AI-Vulnerable assignments are those that can easily be performed by AI tools and in which students feel little interest or ownership, making AI use more likely.
AI Vulnerability
To understand what makes assignments AI vulnerable, it's helpful to consider what drives students to use AI in the first place. Students are more likely to use AI when they feel apathetic about their coursework and see little value in it. Additionally, students report using AI to boost efficiency, freeing up time for tasks they find more creative or meaningful. These insights suggest the following traits of AI Vulnerable assignments:
- Low perceived relevance: Work that students view as disconnected from their goals and interests, potentially leading to outsourcing.
- Limited personal agency or creativity: Assignments offering few opportunities for student voice, critical analysis, or creative interpretation.
- Product, not process, focused: Assignments emphasizing final outcomes without showcasing progress (e.g., a final paper with no prior drafts or outlines submitted).

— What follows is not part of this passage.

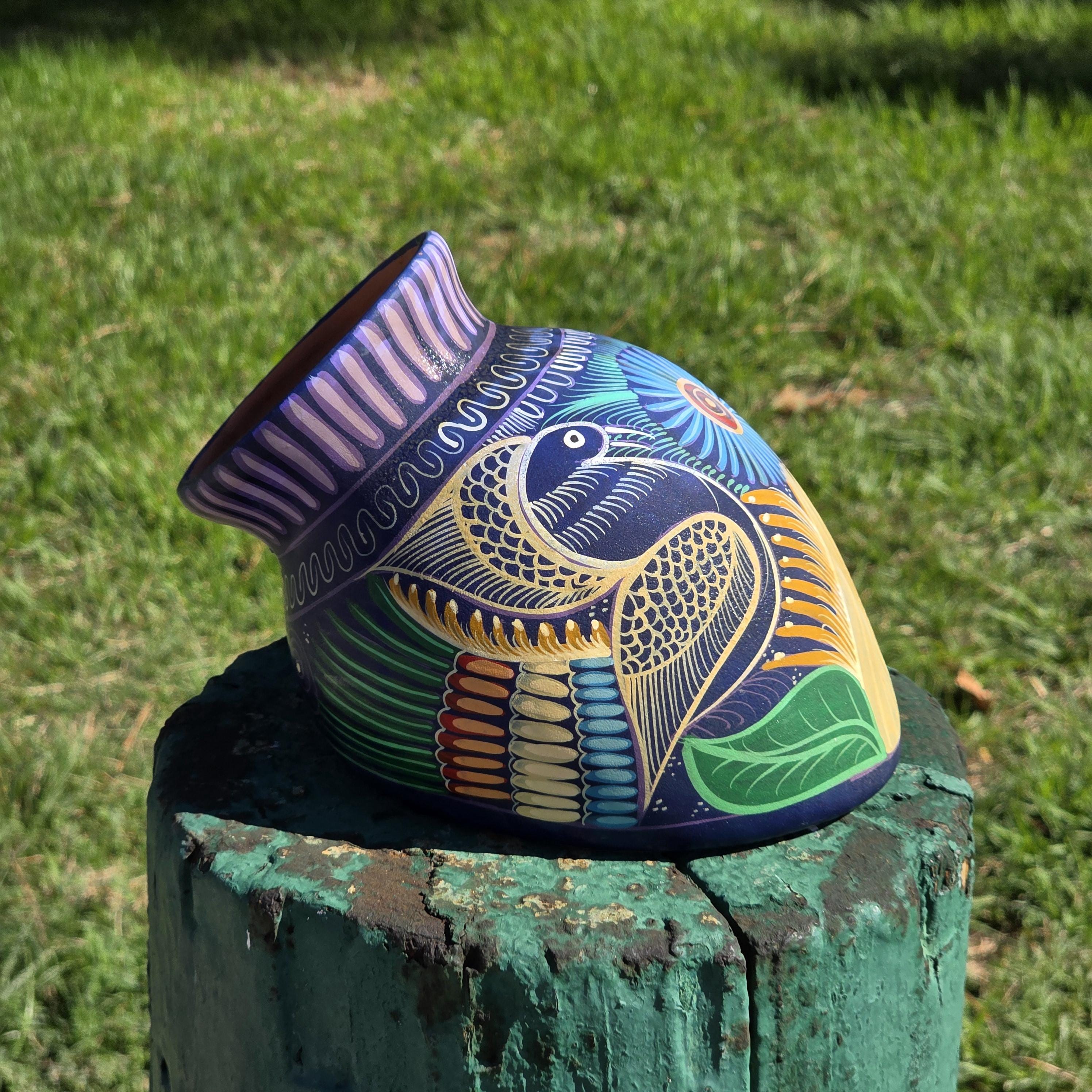 Hand-Painted Jalisco Mexico Pottery Wall Pocket Planter Folk Art Birds & Flowers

- Easily automated: Tasks with common AI capabilities, such as text summarization, basic calculations, or factual question-answering.
AI Resilience
Below is a list of traits that increase AI Resilience in assignments. Incorporating any of these features enhances resilience; it's not necessary to include all of them.
- Process-oriented: Requires students to demonstrate knowledge evolution through multiple submissions (e.g., concept maps, outlines, analytical memos). Enables instructors to track progress and identify original work.
- Project-based: Culminates in a tangible final product that is worked on over an extended time and offers an authentic setting to practice skills and apply knowledge from the course; may involve collaboration and encourages problem-solving and grappling with novel approaches and solutions.
- Authentic: Poses contextualized, complex challenges that mirror real world tasks students would do outside the classroom, and thus has a practical value beyond the classroom.
- Multimodal: Engages students in creating content across various formats (written, visual, audio, interactive). Encourage creativity and personal expression while challenging AI replication.
- Personally relevant: Taps into students’ personal interests, experiences, or goals to produce work they find meaningful.
- Experiential: Involves active participation in real-world activities (fieldwork, interviews, experiments). Ground work in personal experience and data collection.
- Reflective and metacognitive: Promotes critical thinking about learning processes and decisions. Enhances metacognitive skills through activities like portfolios, exam wrappers, or reflective essays that discuss students' learning process, integration of feedback, and areas to improve.